Let's think about how someone might attack a weakness in a SessionID
generator. Assume that the victim computer's version of Linux has a
bug that causes /dev/urandom to be seeded with all zeroes every time
it boots, and that it never adds any entropy. If the opponent guessed
or knew that this was the case, then the opponent could connect to
the webserver, get a SessionID, and would then be able to make very
good guesses about what other SessionIDs were currently in use. (By
starting from all zeroes, and applying the algorithm until the
obtained SessionID was reached.)
Assuming that some sort of "entropy" is being added, the next thing
the attacker could do is to come up with a way to either
predict what is being added as "entropy", or at least guess at it
with substantially more effectiveness than random chance.
One early version of this many years ago was when Ian Goldberg
and Dave Wagner discovered that an early version of Netscape's
web server was seeding their random number generator with nothing
more than the time and the PID, both of which were sufficiently
easy to guess at that it was quite easy to predict what session
keys would be generated.
However, unless the attacker has successfully cryptanalyzed SHA
(which would have far greater consequences than the ability to
predict SessionIDs in Tomact :-) the attacker is going to have
to successfully model ALL entropy ever added in.
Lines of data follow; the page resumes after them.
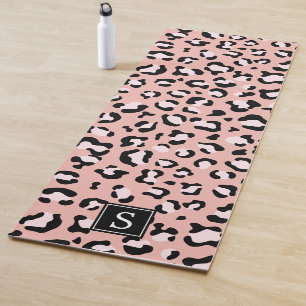 Monogram - Animal Print, Spotted Leopard - Pink Yoga Mat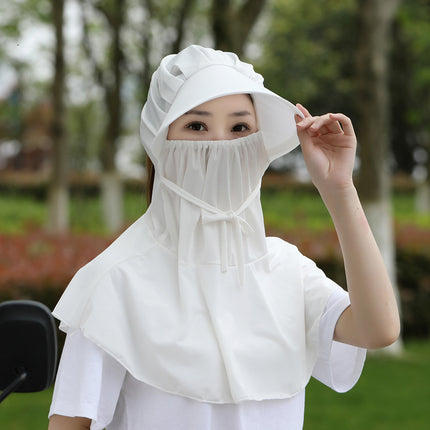 Spring and Summer Sunscreen Mask Neck Protection Integrated Hat Women's Sunshade Hat Outdoor Tea Picking Work Face Covering UV Protection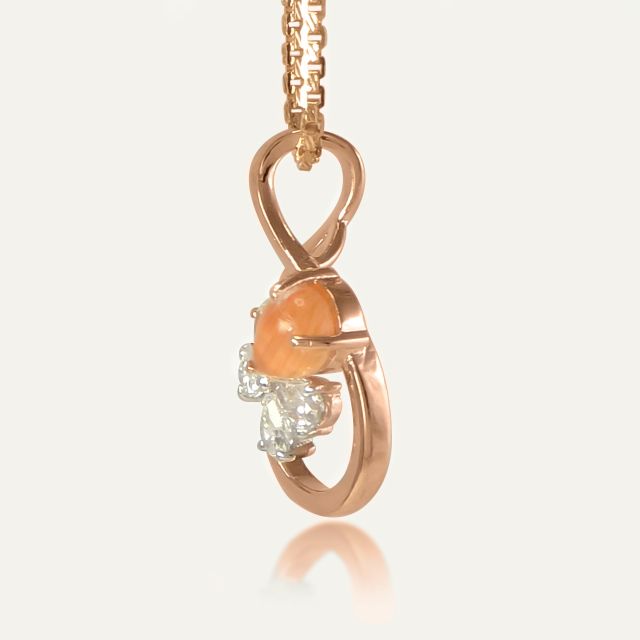 Amber Petal Diamond Pendant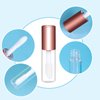 Mydio 50 Pack 1.2ML Clear Mini Lip Gloss Tube Empty Lip Balm Containers With Rose Gold Lid for Lipstick (Rose Gold)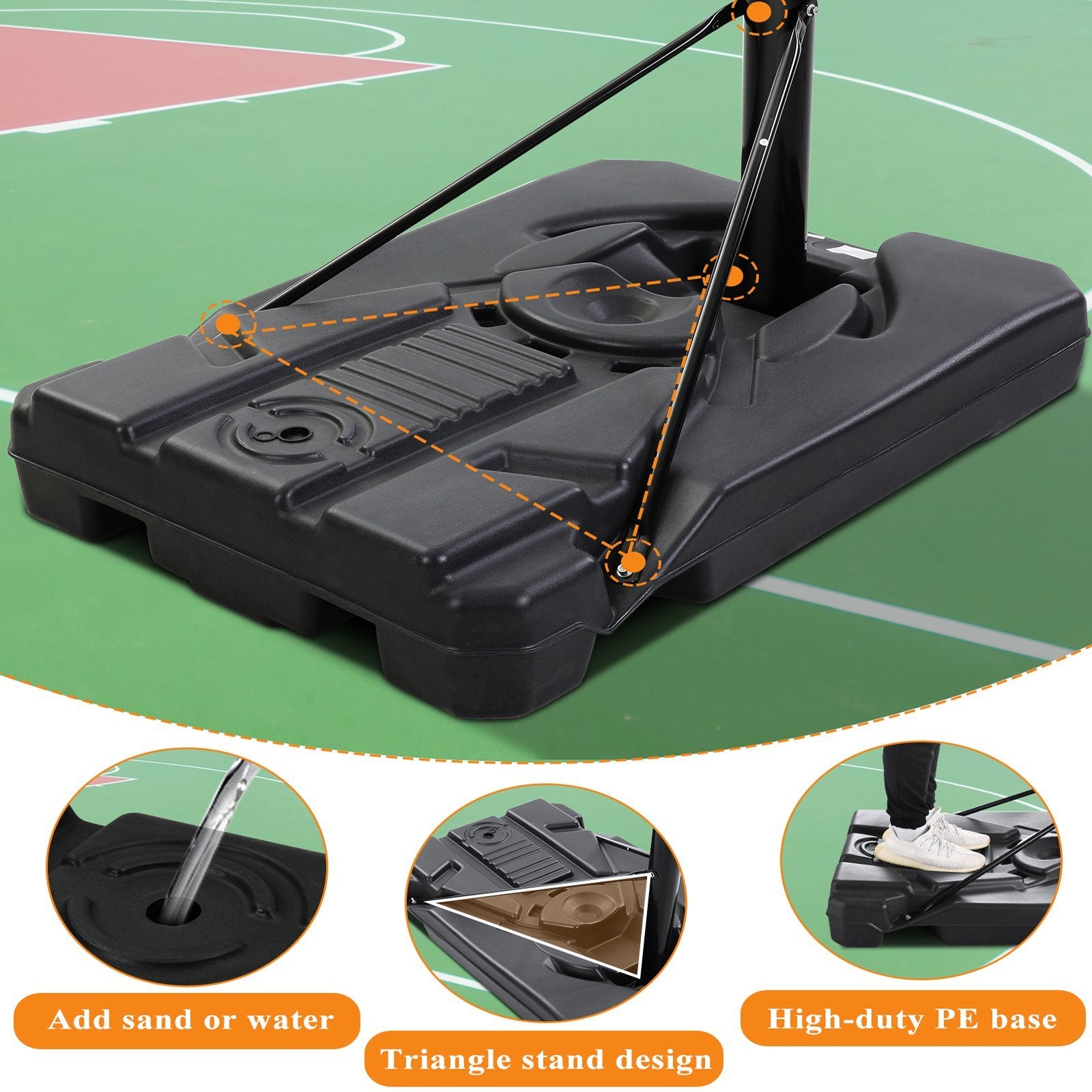 Load image into Gallery viewer, MaxKare Portable Basketball Hoop & Goal Basketball System Basketball Equipment Height Adjustable 7ft Gin-10ft with 44 Inch Backboard and Wheels for Youth Kids Indoor Outdoor - NAIPO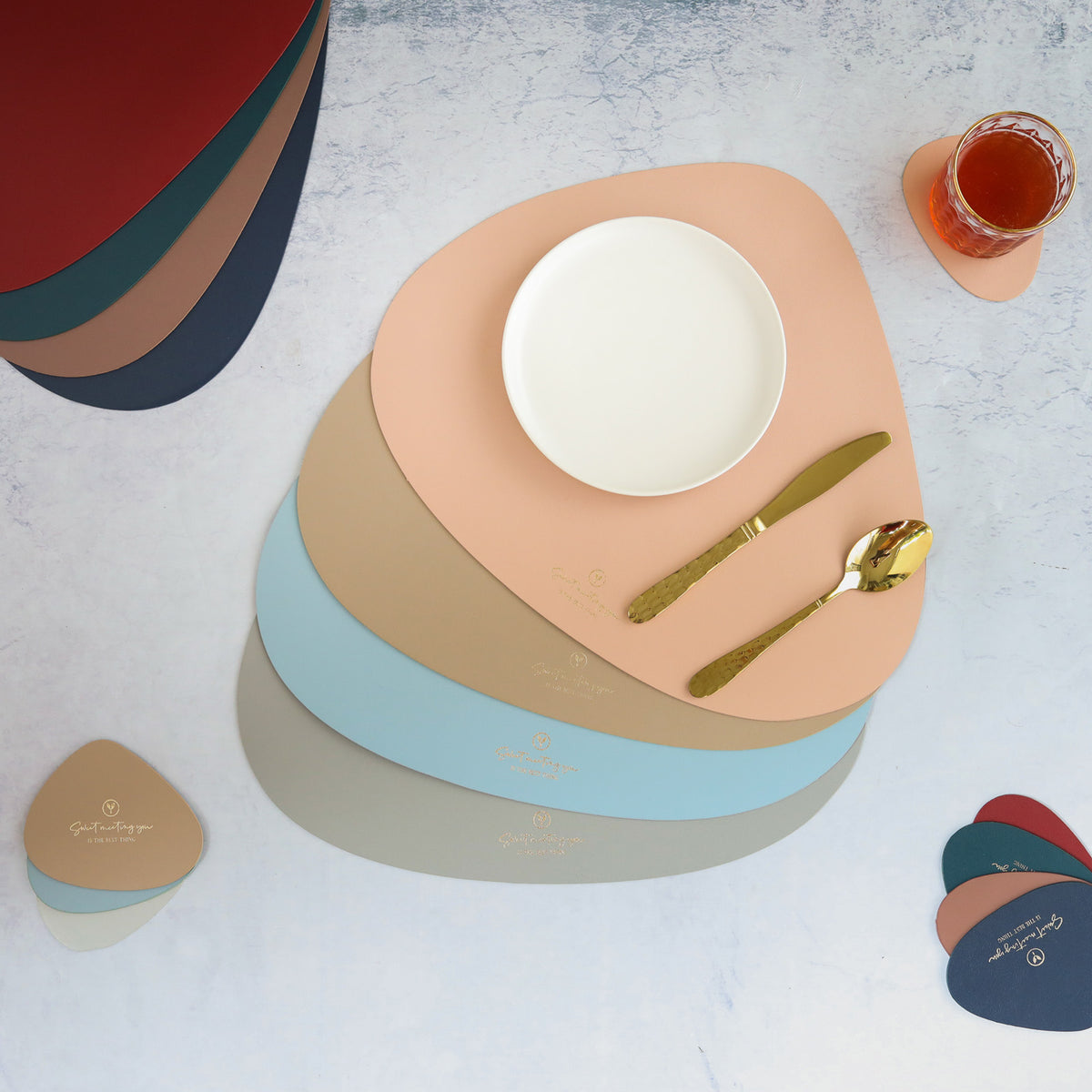 Light Blue Leather Table Mat Set of 4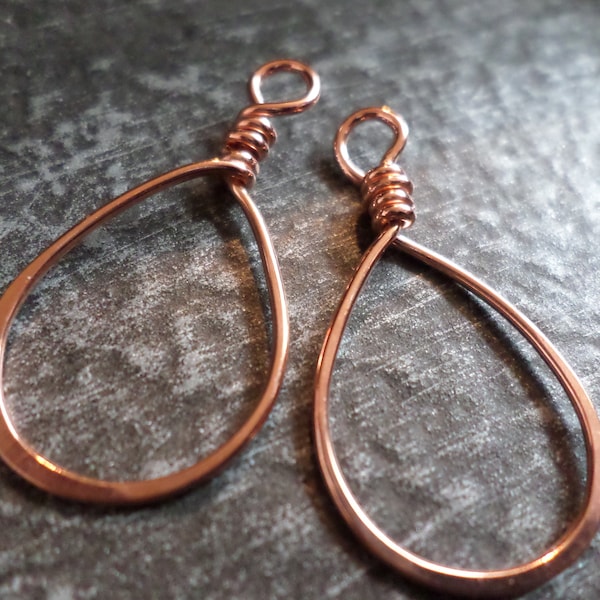 Tear Drop Charms Handmade 2pcs Choose from Sterling, Copper or NuGold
After the first
eighty or so bits of "real entropy," it's going to be easier to
just guess random SessionIDs (with some cleverness about
predicting the time and the session counter, which are both
predictable and inter-related)
Note that the chance of guessing _a_ session (as opposed to a
particular session) goes up steadily with the total number of
valid sessions. (Let's say, for the sake of example, that you
have a 1/2^80 chance of guessing a particular session; if you
have 2048 valid sessions, it improves to a 1/2^69 chance.) For
this reason, if you're really paranoid, you'll want to increase
the part of the SessionID from /dev/urandom to 128 bits and
ditch the use of the time (unless it has semantic value down
the food chain that I'm missing.) This way, as long as you have
more than 128 bits of "real entropy", it's going to be "easier"
for the attacker to make the on average num_sessions/2^127
guesses needed to find a valid SessionID.
Hope this is helpful!
Cheers,
Doug